Например, Н. Грот в статье об «Устоях нравственной жизни и деятельности» утверждает, что Кант попытался дать философское обоснование той высшей, неэвдемонистической морали, полный кодекс которой дал Христос, однако ему удалось лишь «формально» констатировать факт безусловности долга (1895, № 27, с. 150). Необходимо исходить из принципа творческого устремления духа к реализации и развитию «психической жизни в мире», когда нравственность «приложится» сама собой.

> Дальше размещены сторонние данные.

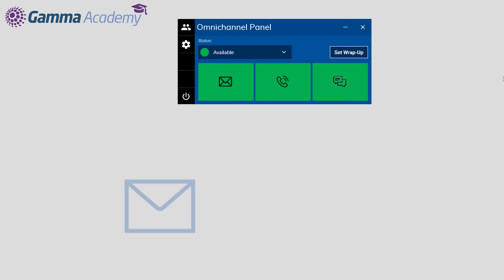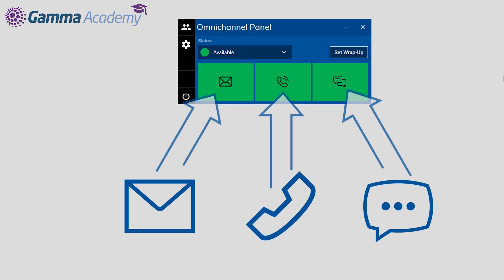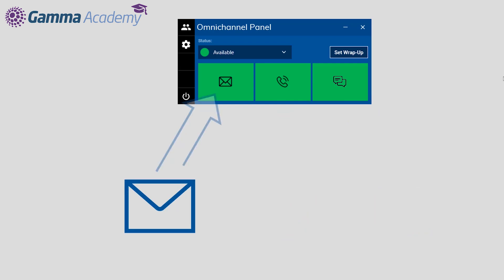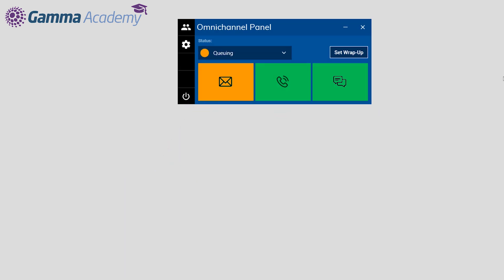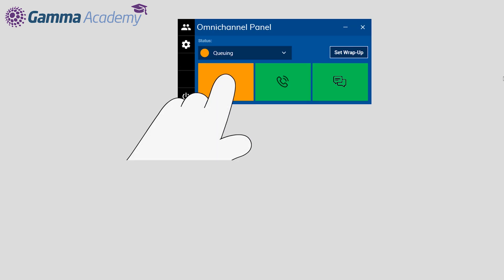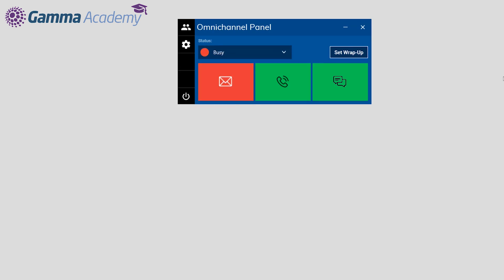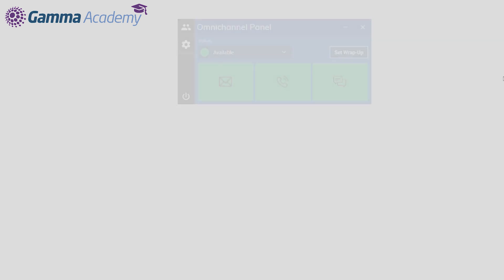The Omni Channel panel pulls together multiple channels of communications into one place, notifying agents of any new contacts delivered into any group they are currently signed into. The agent can then use the panel to marshal the new contact to their existing communication client. For example, by using the panel to take an email that's coming to a group, the email will then be delivered directly into the agent's own mailbox.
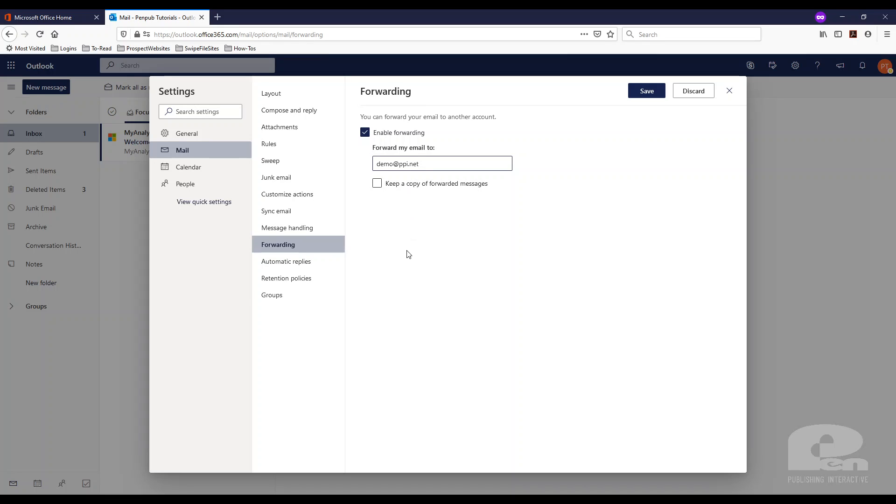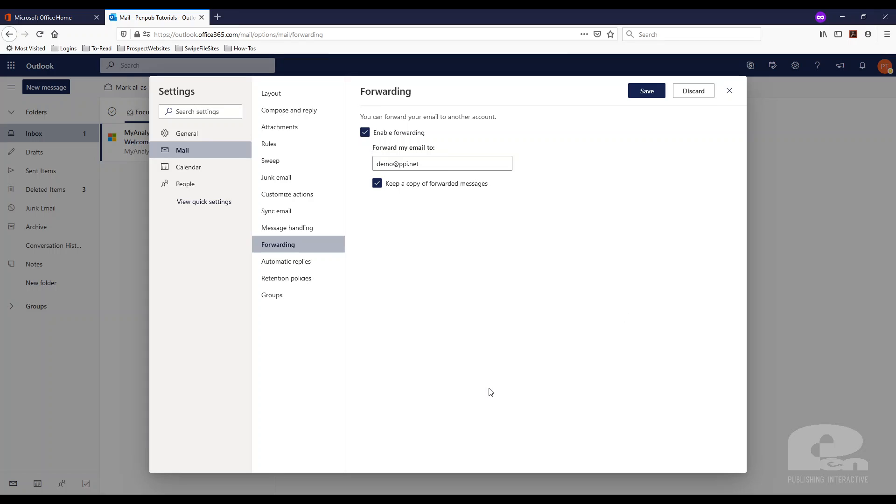If you don't check this box anytime an email goes to your current mailbox it will automatically go to the other email, demo at ppi.net in my case. So it'll just go straight there, won't be a copy kept. If you check this you will have a copy here and obviously the copy that gets forwarded. So again that's a preferential thing.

Соображения Грота туманны и малоинтересны. Ключевой фигурой для понимания сути дела и в этом вопросе был Вл. Соловьев, высказавшийся наиболее полно, ясно и определенно в серии статей, подготовлявших «Оправдание добра». Прямое и характерное столкновение с Кантом, хотя и по частной моральной проблеме, происходит в статье «О добродетелях» (1895, № 28, с. 331—357). Должен ли человек лгать из человеколюбия? Следует ли, например, солгать убийце, преследующему свою жертву, если он спросит о ее местонахождении? Моралисты такого масштаба, как Фихте и Кант, отвечают отрицательно: максима «не лги» безусловна, абсолютна. Ложь всегда вредна, утверждает Кант, если и не отдельным лицам, то человечеству, ибо она «делает негодным к употреблению сам источник права» (3, с. 293). Соловьев решительно несогласен с подобным «лженравственным ригоризмом», свойственным формалистической «школьной философии». Однако, пройдя школу кантовского этического анализа, он не хочет присоединиться и к тем, кто из принципа «блага для ближнего» разрешают лгать по случайному усмотрению отдельного индивидуума, лишая тем самым мораль общезначимых правил. Оба решения дилеммы «нелепы», следовательно, что-то неладно в самой постановке вопроса. А именно понятие «ложь» двусмысленно: ложь — не заблуждение, как и правда — не истина. Соответствие слова и факта относится к сфере познания, а не нравственности. Ошибка не есть безнравственная ложь, но и истинное высказывание совсем не то, что «правда». Убийца ведь спрашивает о месте нахождения жертвы не из любознательности! Вопрос «где он?» звучит так: «Помоги мне убить его!» Если бы он искал истину, то имел бы на нее и право. Но он ни с какой точки зрения не имеет права на убийство. Следовательно, не сообщая ему истины, мы не нарушаем в его лице никакого «права человечества». И напротив, моя, так сказать, гносеологическая «правдивость» была бы только преступным пособничеством, стало быть, нравственной ложью, неправдой в поведении. Отвести глаза злодею — вот безусловный долг, в том числе и по отношению к самому преступнику. Максима «отводи глаза убийце» может быть всеобщим правилом и не противоречит, таким образом, формуле категорического императива, не допускает никаких исключений и никакого произвола. Заповедь «не лги» имеет не «формальный» (познавательный), а сугубо нравственный смысл, имеющий в виду запрет злой воли. Отводя глаза негодяю, мы не лжем, а творим истинную правду.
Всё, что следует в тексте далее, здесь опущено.